On ne peut pas faire passer le public français sans transition de «Kojak» (l’un des modèles de «Navarro») à ces séries-là. Il faut se forcer à cette progression que les américains ont faite avant nous, ces étapes qu’ont été «Hill Street Blues», «Urgences», «X-Files», «Ally McBeal», qui ont mené aux «Sopanos», à «Lost» et à «24». Il faut être discipliné, précautionneux, se poser vraiment la question du public à qui on s’adresse, de ce qu'il a vu et de ce qu’il est prêt à voir. En un mot, il faut savoir se faire un peu plaisir, mais pas trop, tout de suite. C’est un drôle d’exercice en frustration vraiment, vraiment difficile. Mais il est payant. Quelque chose comme «Bref» est l’exemple de ça. Populaire et de qualité. Aujourd'hui, «Un Village Français» est probablement notre «Hill Street Blues». Il faut réussir les étapes d’après.
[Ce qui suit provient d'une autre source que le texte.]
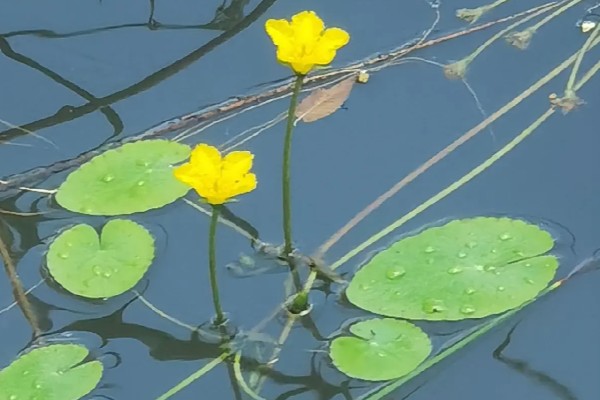 荇菜是不是铜钱草，属于龙胆科水生草本植物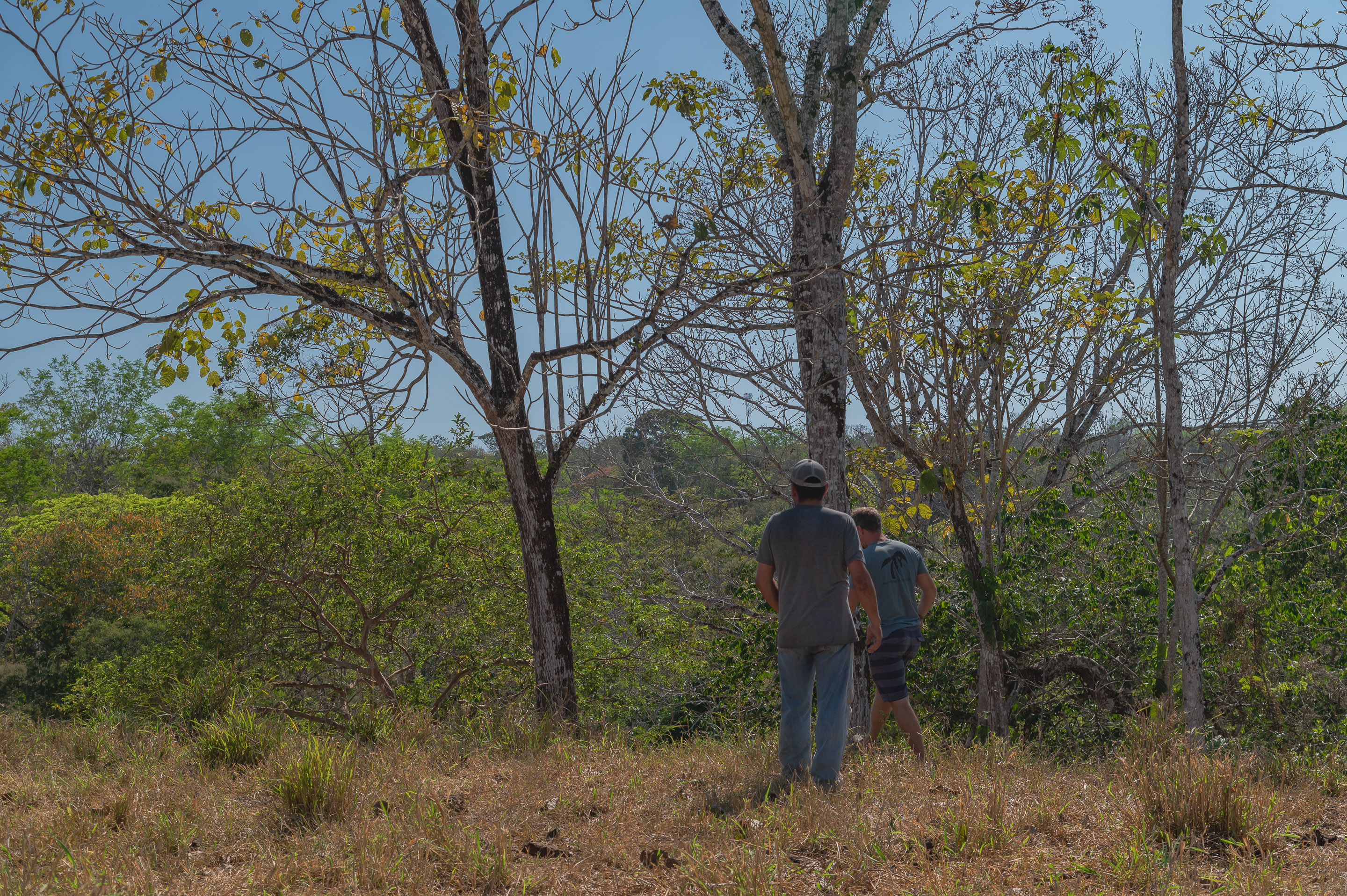 0 bed Land For Sale in Manzanillo, Puntarenas - thumb 13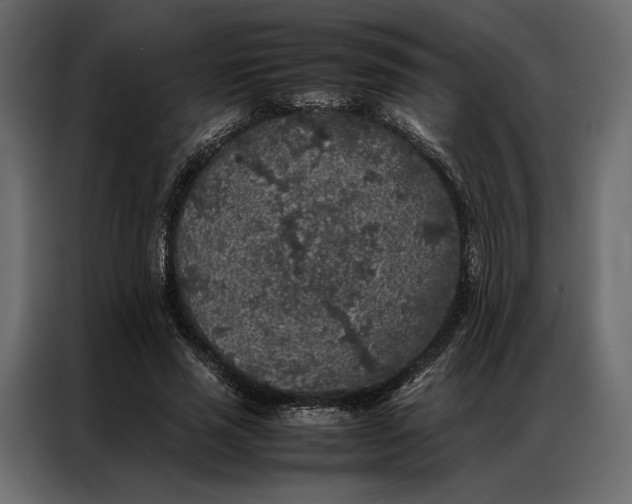 X0000086890637200705071223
Quels sont tes projets pour le futur?
Avec un peu de chance, il y aura un jour un truc que j’aurais écrit à la télé. Vu l’écoulement du temps particulier qui est celui de la fiction française, ce ne sera pas le mois prochain, ni celui d’après. Ni… Remarquez, peut-être que ça n’arrivera pas. Mais là au moins, c’est sûr, je vais essayer.